Ayer comí un puñado de castañas. Sabrosas. Intensas. E inevitablemente hice el recorrido hasta aquella cocina invernal alimentada por nuestro carbón que encendía de rojo intenso la chapa de la bilbaína.

Alguna tarde, rompiendo la rutina, mi madre nos mandaba a mi hermano o a mí a comprar castañas. Sin especificar, que el dinero que llevábamos era la tasa. A en Ca la tía Flora o en Ca el tío Pocarropa (me viene también la imagen, en ambos casos, de la piña de plátanos que colgaba de un gancho en el techo). Un saco, en el suelo, que iban enrollando con destreza a medida que se iba vaciando. Una vieja lata de sardinas, de tamaño medio y redondo, que reposaba sobre el fruto marrón brillante, servía de orientación para medida y peso. Apenas si fallaban. Puñado arriba o abajo para la precisión sobre el plato de la balanza. Envueltas en aquellas bolsitas de papel marrón claro. La vuelta a casa ofrecía siempre la tentación de probarlas crudas, que tampoco era mal asunto.

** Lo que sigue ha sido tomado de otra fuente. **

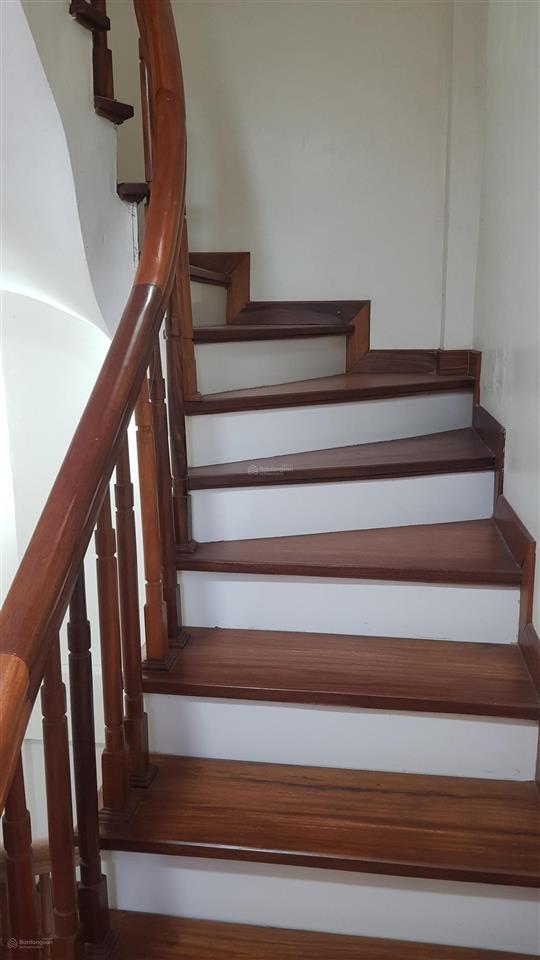Cho thuê nhà riêng 11 triệu, 60m2, 4pn, 4wc tại số nhà 11 ngõ 270, hoàng mai, hà nội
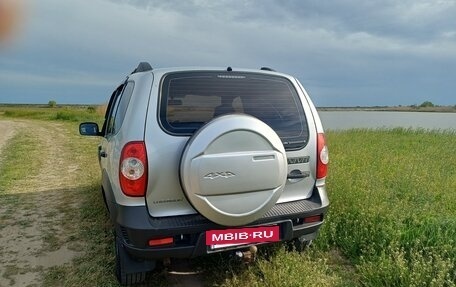 Chevrolet Niva I рестайлинг, 2013 год, 550 000 рублей, 3 фотография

Cocidas o asadas. Era la única alternativa, al menos en mi casa. Prefería la segunda. Y recuerdo la rápida habilidad de mi madre picándolas para colocarlas sobre la chapa, bien esparcidas y removiéndolas de vez en cuando con las palmas de las manos y las yemas de los dedos para dorarlas con cierta uniformidad, mientras algunas restrallaban como cohetes de feria. Un rito grabado para siempre en la memoria.

A veces –pocas, es verdad- se repartían equitativamente, porque mi madre y mi padre apenas probaban un puñadito de nada. Para nosotros, el banquete de la calidez en aquella cocina cálida y caliente, a veces con los pies en el horno, calzados con zapatillas Wamba, en las que al día siguiente ascenderíamos a la madera de las madreñas en aquellas primeras navegaciones por la nieve y por la vida. La pequeña historia.